----- RECORD EXCERPTS

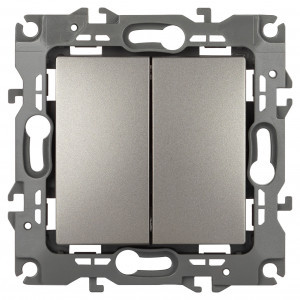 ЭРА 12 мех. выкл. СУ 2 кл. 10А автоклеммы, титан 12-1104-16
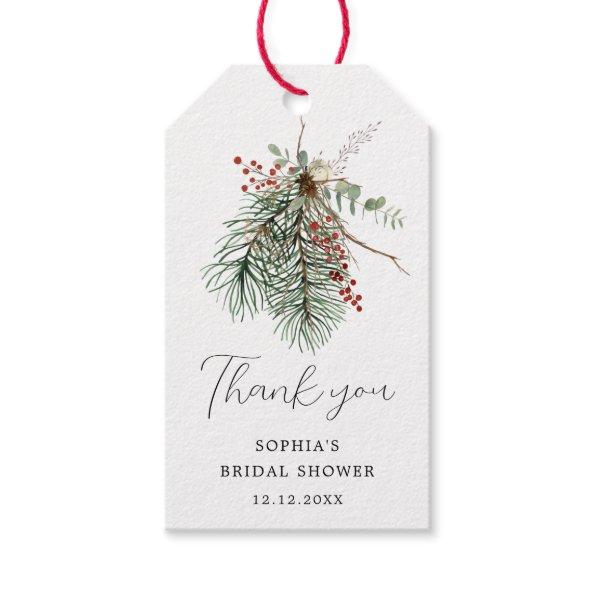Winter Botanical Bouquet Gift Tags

----------
----- RECORD EXCERPTS

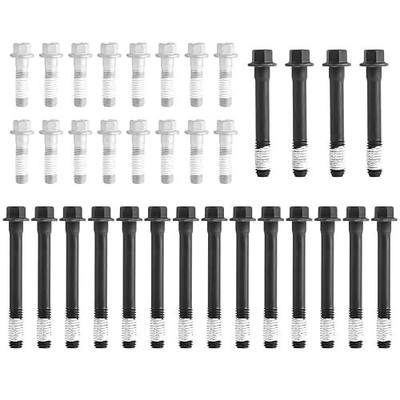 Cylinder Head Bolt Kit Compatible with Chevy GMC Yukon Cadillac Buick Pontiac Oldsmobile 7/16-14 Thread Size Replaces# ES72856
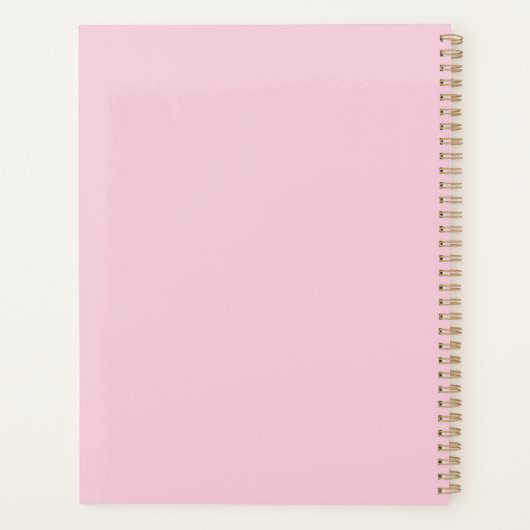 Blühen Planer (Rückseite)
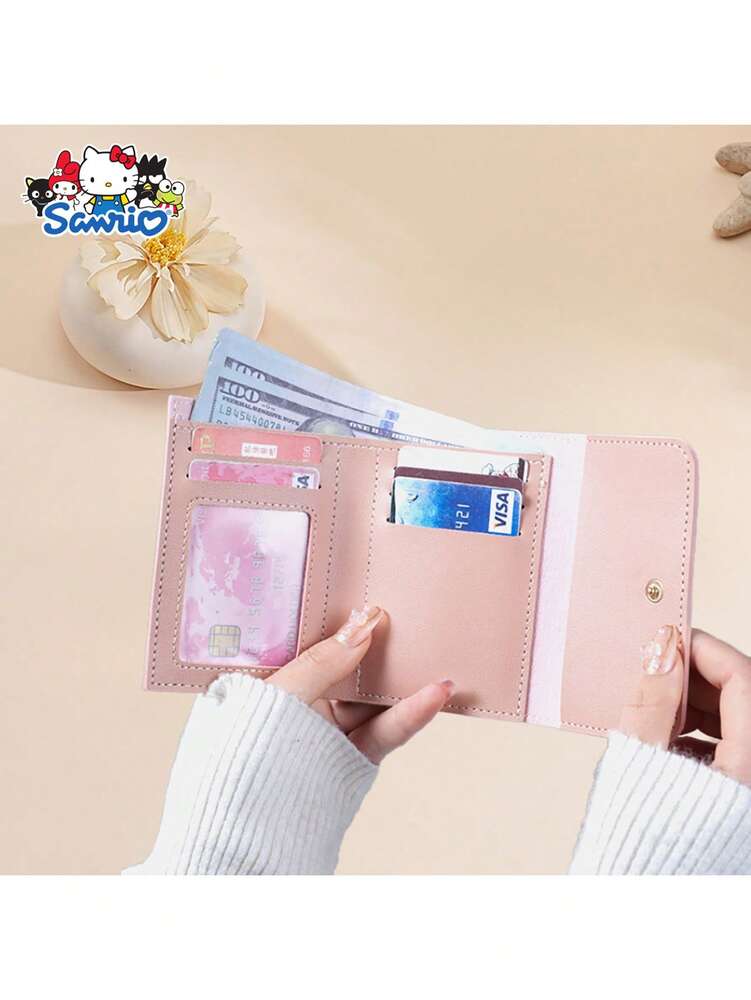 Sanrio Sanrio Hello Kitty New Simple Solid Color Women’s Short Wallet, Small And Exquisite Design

----------
----- RECORD EXCERPTS

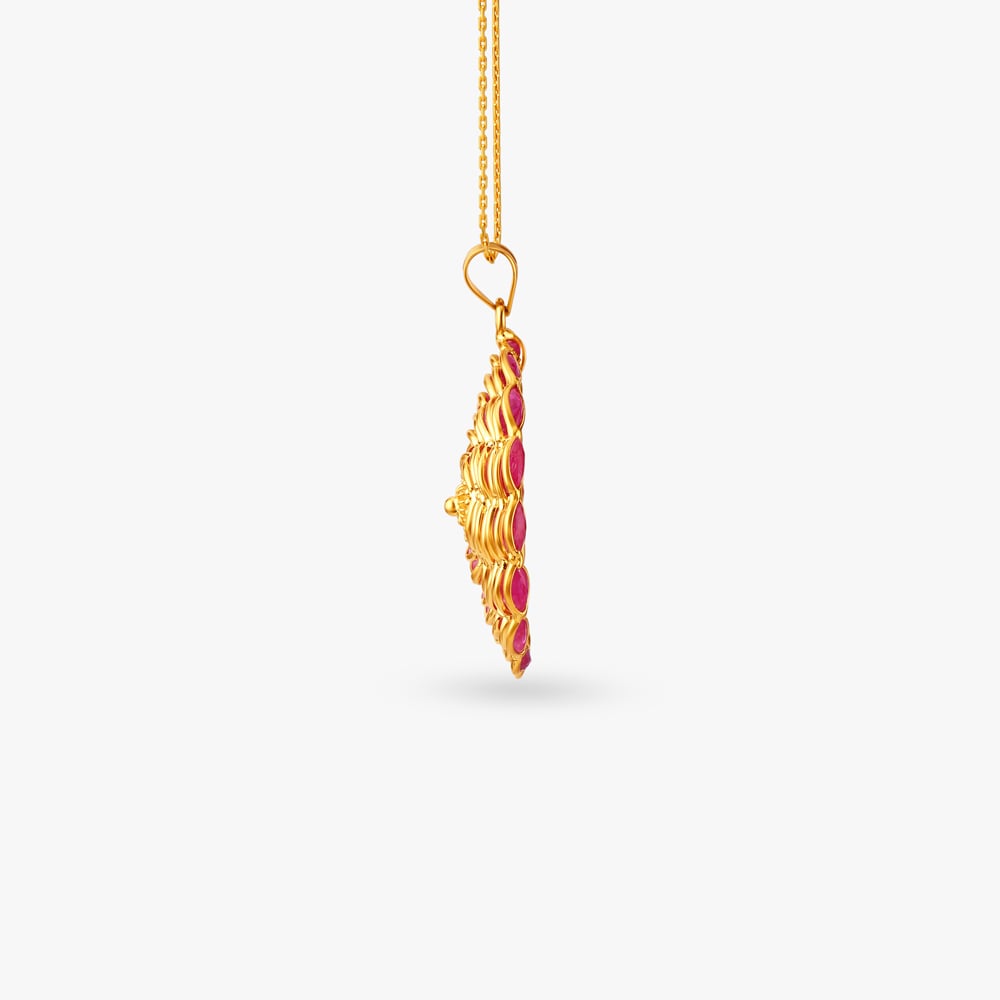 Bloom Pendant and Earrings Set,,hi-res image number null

----------

### ASSIGNMENT
Would you output the lines above from the line holding "Cylinder Head Bolt" up to and including the line holding "Sanrio Sanrio Hello", exactly and only those, with no pictures?

### REPLY
 Cylinder Head Bolt Kit Compatible with Chevy GMC Yukon Cadillac Buick Pontiac Oldsmobile 7/16-14 Thread Size Replaces# ES72856
 Blühen Planer (Rückseite)
 Sanrio Sanrio Hello Kitty New Simple Solid Color Women’s Short Wallet, Small And Exquisite Design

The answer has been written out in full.